The World Is My Office

High gas prices promote 'digital nomad' lifestyle

ATHENS, GREECE -- Evolutionary biology teaches us that evolution happens not by constant, steady change, but in sudden leaps and mutations. Likewise the evolution toward being able to work from anywhere. A recent tectonic shift -- in this case, high gas prices -- is making the world safer for extreme telecommuting.

A Reuters report today highlights organizations that are cutting back the number of days employees are required to physically show up at work because of soaring gas prices. Even employees who are required to be on-site in order to work, such as janitors, are being cut down to four-day workweeks to save gas. White collar workers, of course, are being allowed, encouraged or forced to stay home once a week or more often and telecommute.
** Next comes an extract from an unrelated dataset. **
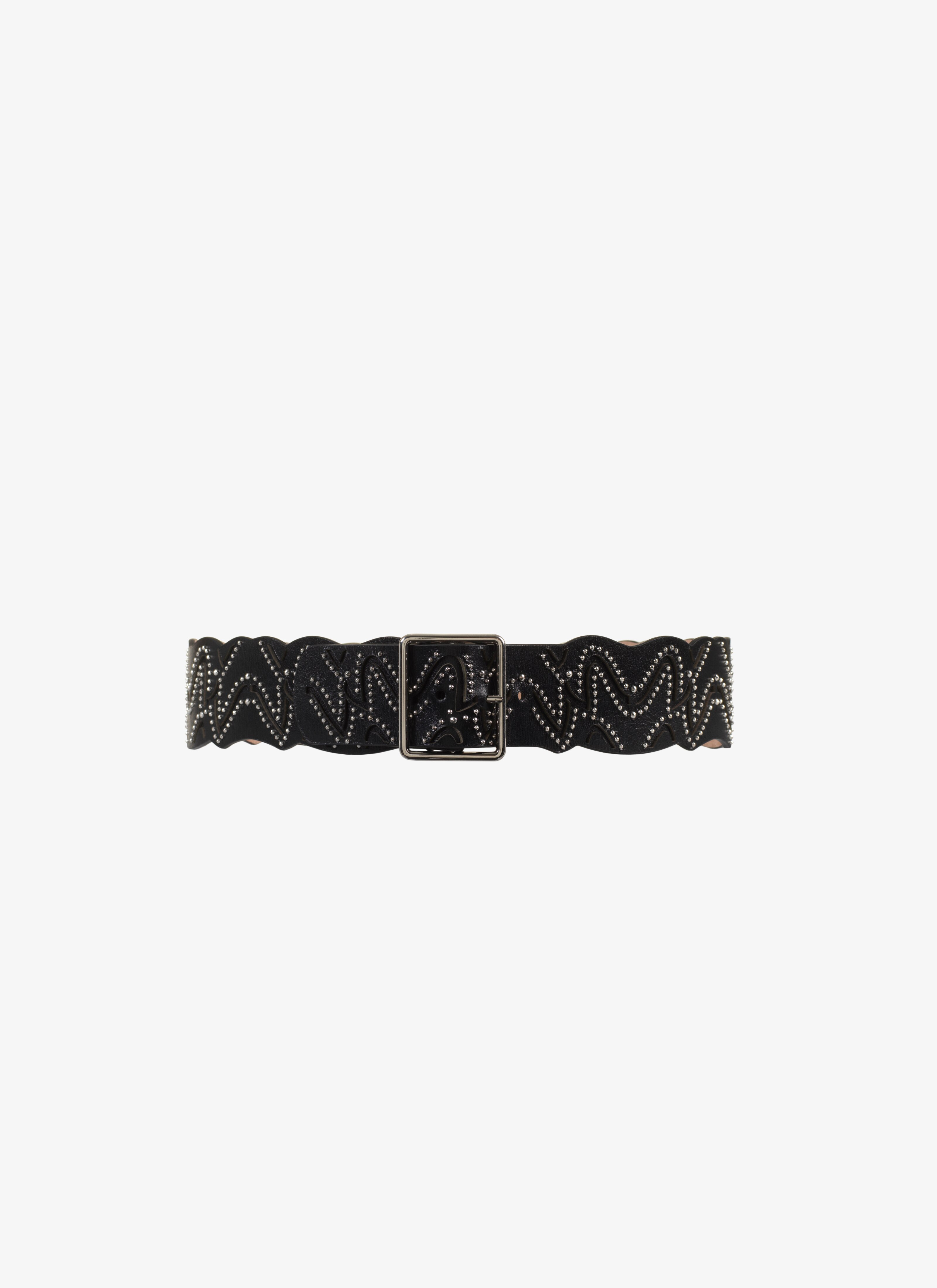 ALAÏA BLACK  BELT CUIR LUX VAGUE+CLOU BLACK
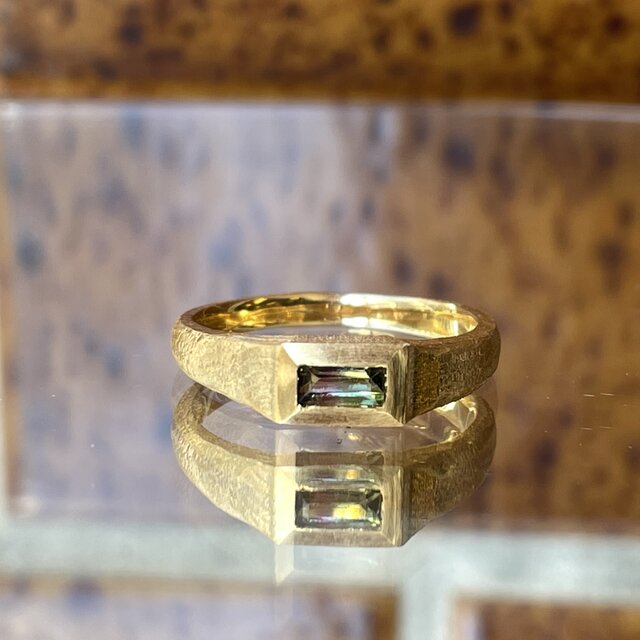 バイカラートルマリン　バゲットカット　印台　0.26　シルバーSV925リング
One thing leads to another. High gas prices prompt employers (including the federal government) to allow employees to work from home once a week. Once that's accepted culturally, an elephant appears in the boardroom: If it's OK once a week, why isn't it OK five times a week? (This is what happened with "casual Friday" -- its once-a-week acceptance lead to the current trend of casual wear every day.) Once telecommuting is accepted, "extreme telecommuting" -- working from the Bahamas or Paris or an internet-connected shack on the Australian Outback -- becomes acceptable, too. After all, once you're out of the office and connecting to the company over the Internet, it doesn't really matter where you are, does it?

The last remaining barrier to the general acceptance of "extreme telecommuting" is purely cultural -- it's our irrational clinging to obsolete rules for how we work. As the cultural barriers fall, more of us will be freed to work from wherever we please, something which mobile technology and Internet communication already enables.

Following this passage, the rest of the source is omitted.